Corn stunt vectored by leafhopper

If you’ve noticed what first appears like deer damage in your corn that causes the plant to turn reddish-purple, you might have corn stunt.

 

Mike Stanyard, representing CCE’s Northwest New York Dairy, Livestock & Field Crops Program, presented on corn stunt at the recent Corn Congress hosted by Cornell Cooperative Extension.

 

“We know corn stunt is vectored by corn leafhopper,” Stanyard said. “And it’s caused by the pathogen Spiroplasma kunkelii.”

 

A new pest in New York, the corn leafhopper measures about one-eighth of an inch long with a torpedo-shaped body, yellow to tan coloring, two dark spots with haloes on its head, no facial markings on the ventral side and a deep “V” shape on its thorax.

 

Stanyard noted that the corn leafhopper can only reproduce on corn.

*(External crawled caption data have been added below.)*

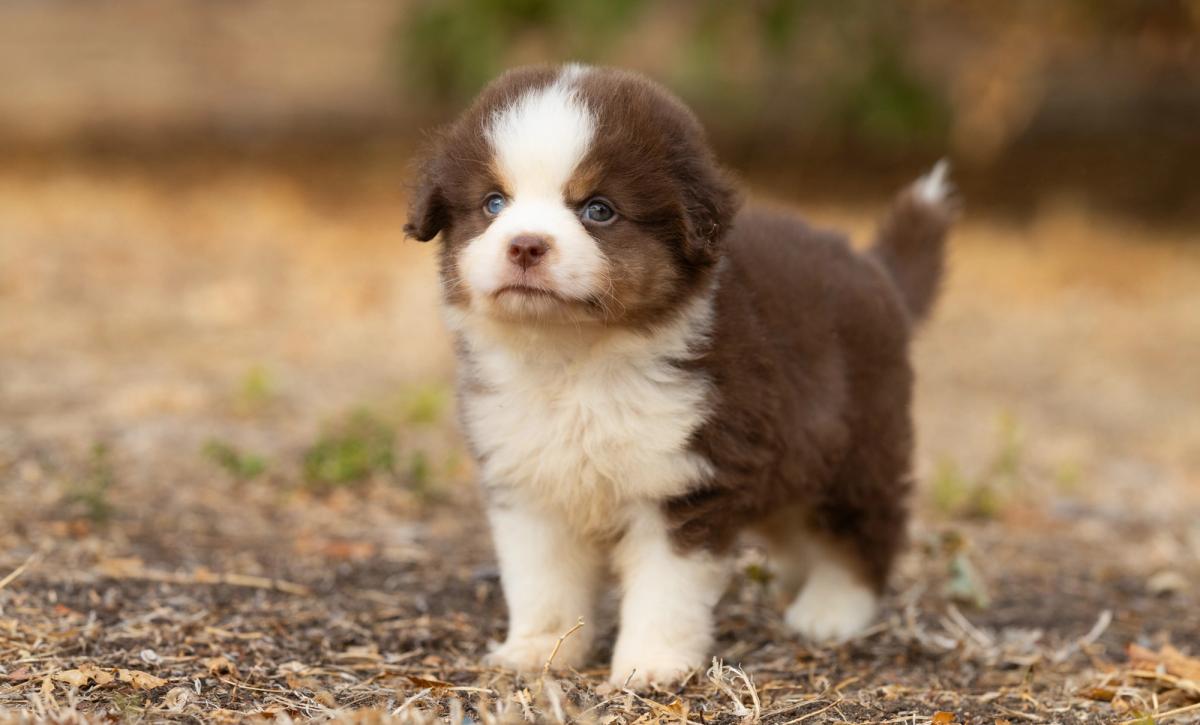Buzz, miniature male Miniature American Shepherd puppy with a red tricolour coat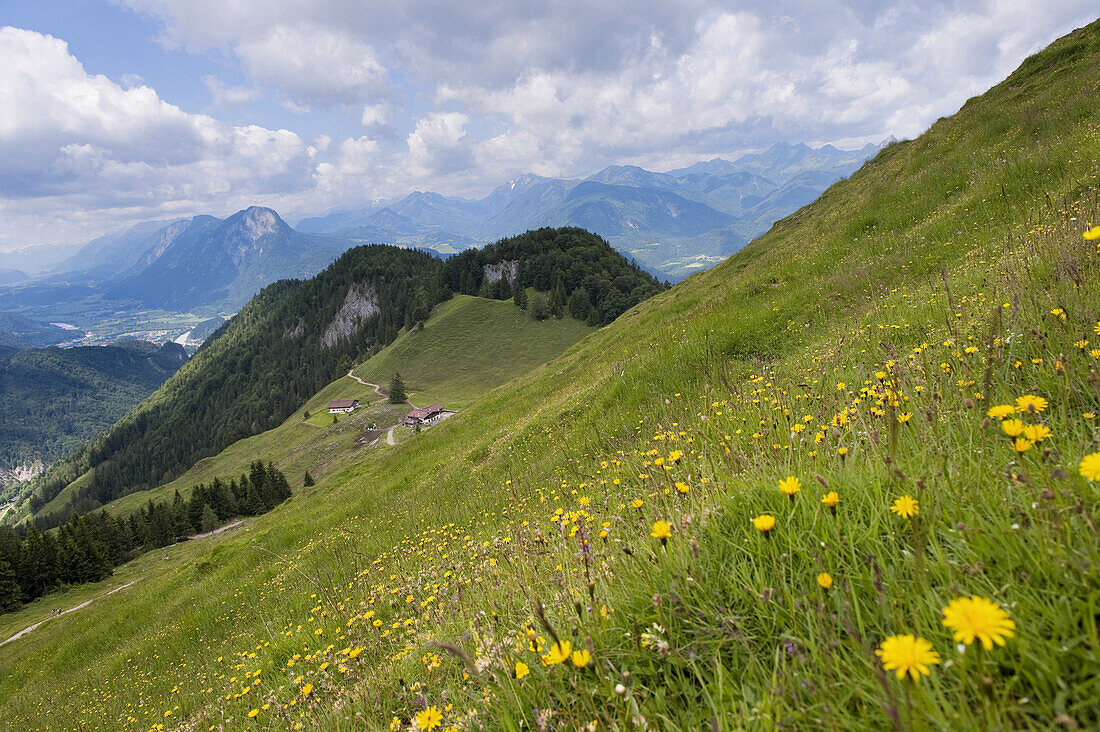 Landschaft bei der Ritzau Alm, Kaisertal, Ebbs, Tirol, Österreich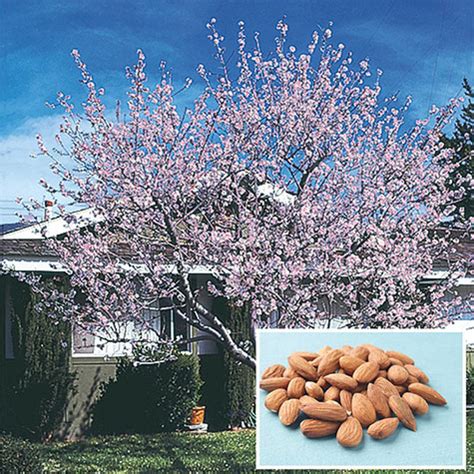 Find photos of flowering almond trees. Hall's Hardy Almond Tree (1 tree) - Gurneys Seed & Nursery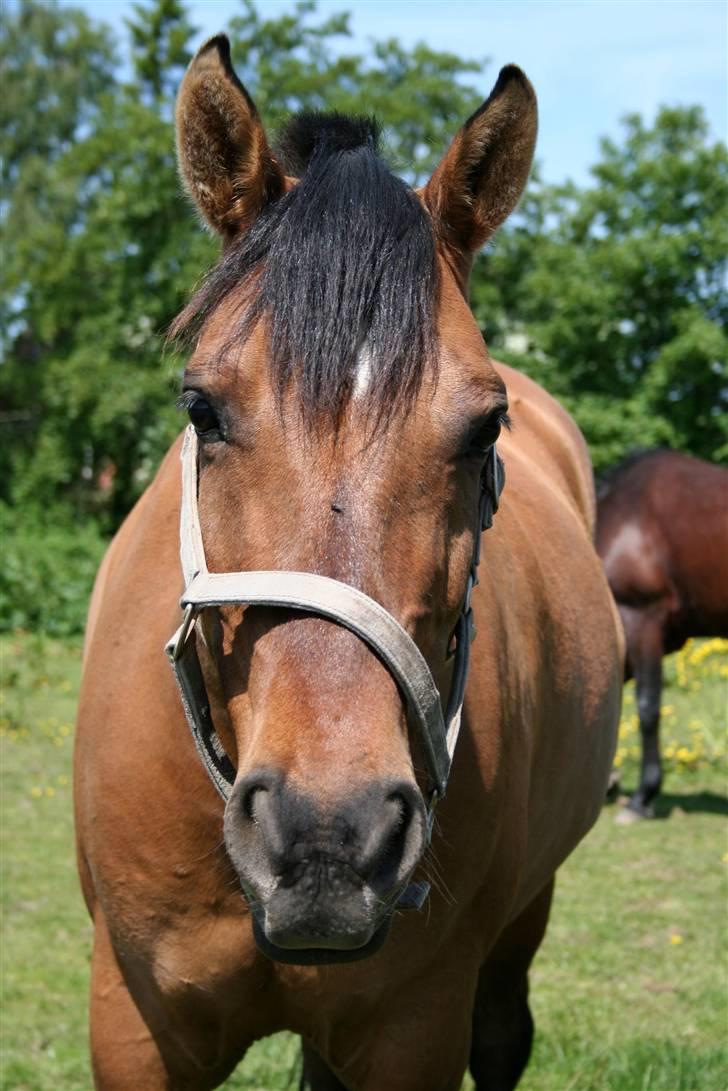 Anden særlig race »PRiNS VALENTiNE« SOLGT - I love you! billede 1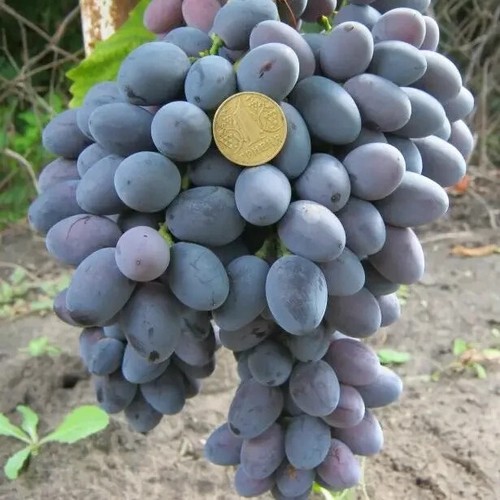 Uva vite da - uva, collezione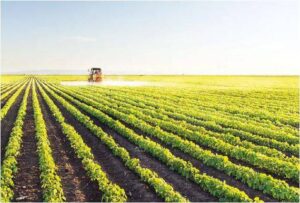 Çiftçilere Uyarı: ÇKS Başvurularında Son Günler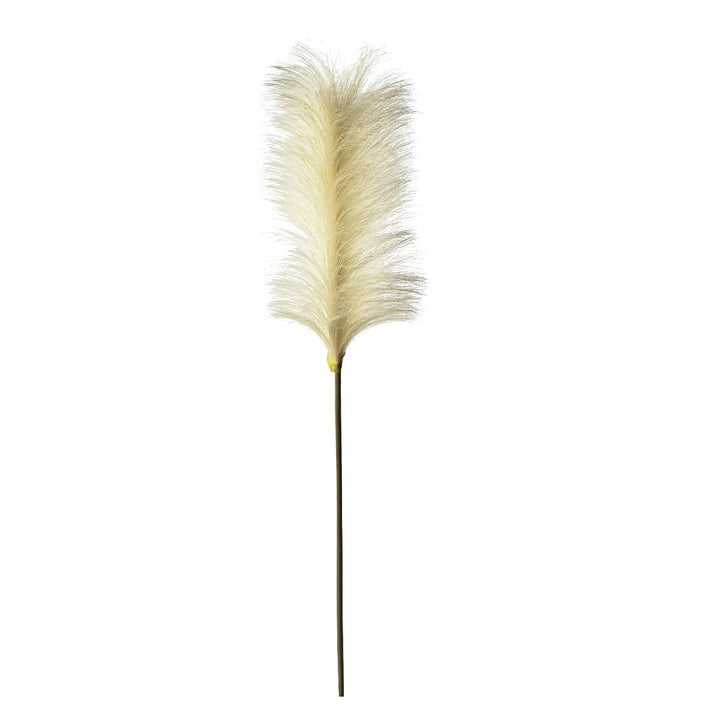 Set of five ivory soft feather stems from Cornucopia Home and Gift&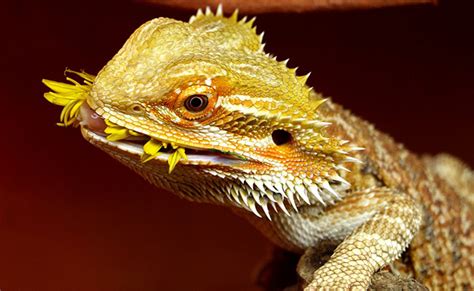 Alimentation du Pogona quels insectes ou végétaux lui donner à manger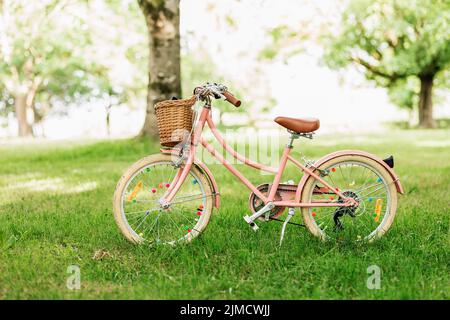 Pink bike with colorful decorations and wicker basket parked on green grassy lawn on summer weekend day in park Stock Photo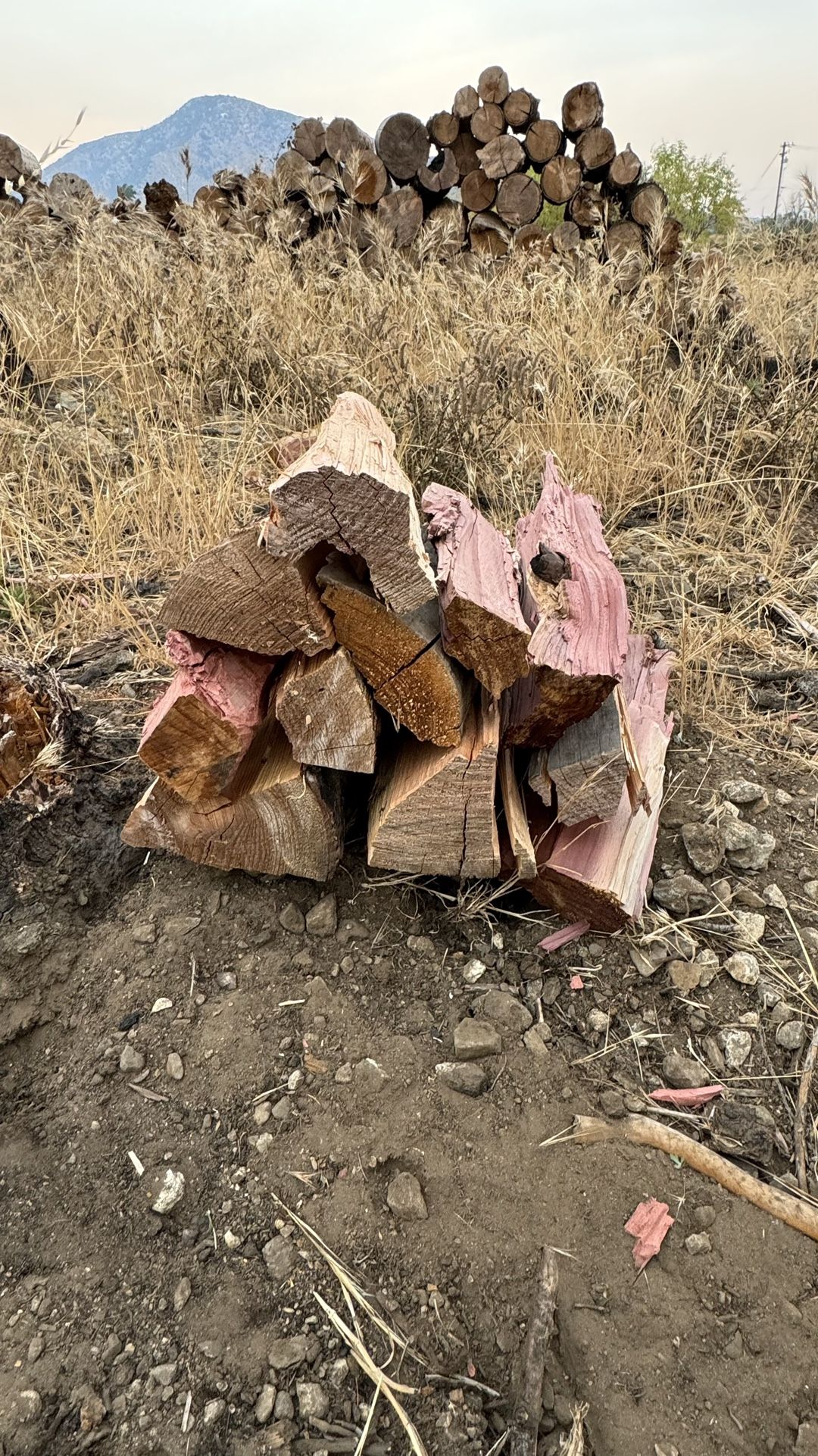 Fire Wood For Sale. Pine.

Its lifecycle from egg to adult is about three to four weeks and it needs a living host year-round.

 

“It doesn’t overwinter in New York,” he said. Occasionally, the corn leafhopper is seen in south Texas, California and Florida. Tropical storm systems have brought the pest to New York.

 

Signs of corn leafhopper infestation include honeydew residue caused by the pests’ suckling, which in high populations leads to sooty mold.

 

The nymphs hatch disease-free; however, corn leafhopper acquires the pathogen in about an hour of feeding on an infected plant. After two to four weeks, the pathogen replicates before corn leafhopper can transmit the disease.

 

The symptoms on the corn appear within three to four weeks of inoculation. Stage VE to V8 corn is the most susceptible to disease and yield loss.

 

“If we get it later, you don’t see a lot of yield loss,” Stanyard noted.

 

In plants affected by corn stunt, farmers would notice bushy plants and short internodes, along with reddening leaves and most of the stem. The stalk would also over-produce ears and have missing and light kernels.

 

CCE agents can help farmers diagnose corn stunt. “It’s easy to misdiagnose it as it looks like everything else: nutrition deficiency, drought and heat stress,” Stanyard said.

 

That’s in part what has helped corn stunt spread: farmers had it in their fields without knowing it. Corn stunt was first found in 2024 in Erie County, where a farmer from South America said he recognized the disease. Testing revealed his hunch was right.

 

Since then, corn stunt has been confirmed in Jefferson, Monroe and Yates counties.

 

“Given more time for scouting pre-frost, many more fields likely would have been diagnosed,” Stanyard said.

 

His team plans to continue placing sticky traps throughout the state’s corn fields to obtain samples of the pests, along with samples of corn stunt to study. Stanyard encouraged farmers to submit leafhopper species and affected corn samples via next day delivery for Extension agents to study further. The samples require a molecular test for positive identification of S. kunkelii.